An apron is the grassy area around the putting surface. Really? I thought it was that thing my grandma wore to keep the grease from the Fry Daddy off her new blouse.
A caddy is someone who carries your clubs for you. Not to be confused with “catty” –someone who is mean, nasty, malevolent, malicious or spiteful.
Chili Dip is when you hit the ground before hitting the ball. Not what mom prepares for Super Bowl Sunday.
A Fried Egg is a ball that is half buried in the sand. Not just Grandpa’s favorite breakfast.
Jail is a word that is stated when you are faced with a difficult shot. Not just a place they put you when you are baaad!
Mulligan is a golfers “do-over”. Don’t we wish we had those in the real world!
The 19th Hole is the clubhouse. Where all the “hackers” [a.k.a.-unskilled golfers] go to brag.
Quitting on the ball is not hitting the ball with complete effort. Yeah, and nobody likes a quitter, do they?
Sandbagger is someone who lies about his ability to gain an edge in the game. Sounds like dating to me.
A slump is a prolonged period of bad play. We’ve all been there in life and sports. Everyone say it with me “MULLIGAN”!!!!
Texas wedge is what you call the putter when it is used off the green. Not particularly funny…I’m just from Texas-so any chance I get to mention the word Texas I will, because I’m a TEXAN!!!
To whiff, is to swing and miss the ball completely. Not like when you turn to someone and say, “Hey, did you get a whiff at that?” or “Take a whiff of this”. We’ve all completely missed something at one time or another, whether we want to admit it or not. Like the time I asked a lady when she was due and she wasn’t pregnant. She swings…and she misses [completely].
A Wormburner is a ball hit with adequate distance that hugs the ground. I don’t know why I love this word, I just do.
And last but certainly not least…A zoomie is a drive that goes further than most drives ever hit by the golfer who smacked it. I’m not sure who made this one up, but I’m thinking they had to be like 2 or 3 years old. Picture it…a man and his toddler son out on the course. Dad hits ball, son says “daddy go zoomie” and all the sudden the man equates that with greatness–of course.

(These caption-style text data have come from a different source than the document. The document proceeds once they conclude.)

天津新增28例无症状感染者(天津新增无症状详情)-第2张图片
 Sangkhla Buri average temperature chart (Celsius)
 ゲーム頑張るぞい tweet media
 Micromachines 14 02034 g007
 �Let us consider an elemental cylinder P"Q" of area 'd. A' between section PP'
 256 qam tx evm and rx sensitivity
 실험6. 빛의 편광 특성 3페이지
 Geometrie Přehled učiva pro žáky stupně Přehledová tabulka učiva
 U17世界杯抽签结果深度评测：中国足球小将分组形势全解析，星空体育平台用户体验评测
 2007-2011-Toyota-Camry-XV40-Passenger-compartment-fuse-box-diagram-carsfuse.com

I’m sure some of you are wondering what all this means for you, the average person, who doesn’t play golf. I challenge you to use these golf terms in your everyday life. Shock those around you with your amazing word skills and be the trend starter you know you were meant to be. Need some help? Here goes…
Say this to your wife the next time you catch her doing the dishes: “Honey, your washing those dishes like an amateur. Why don’t you throw on your apron and recruit one of the kids to be your caddy. And when you’re done I’ll fix you some chili dip or possibly a fried egg“
And if you do say this to your wife…before you know it you’ll be crying “mulligan” and begging for your life in jail. And once again your son [or daughter] will shout—”daddy go zoomie” while your wife treats you like the wormburner you are! Get a whiff of that!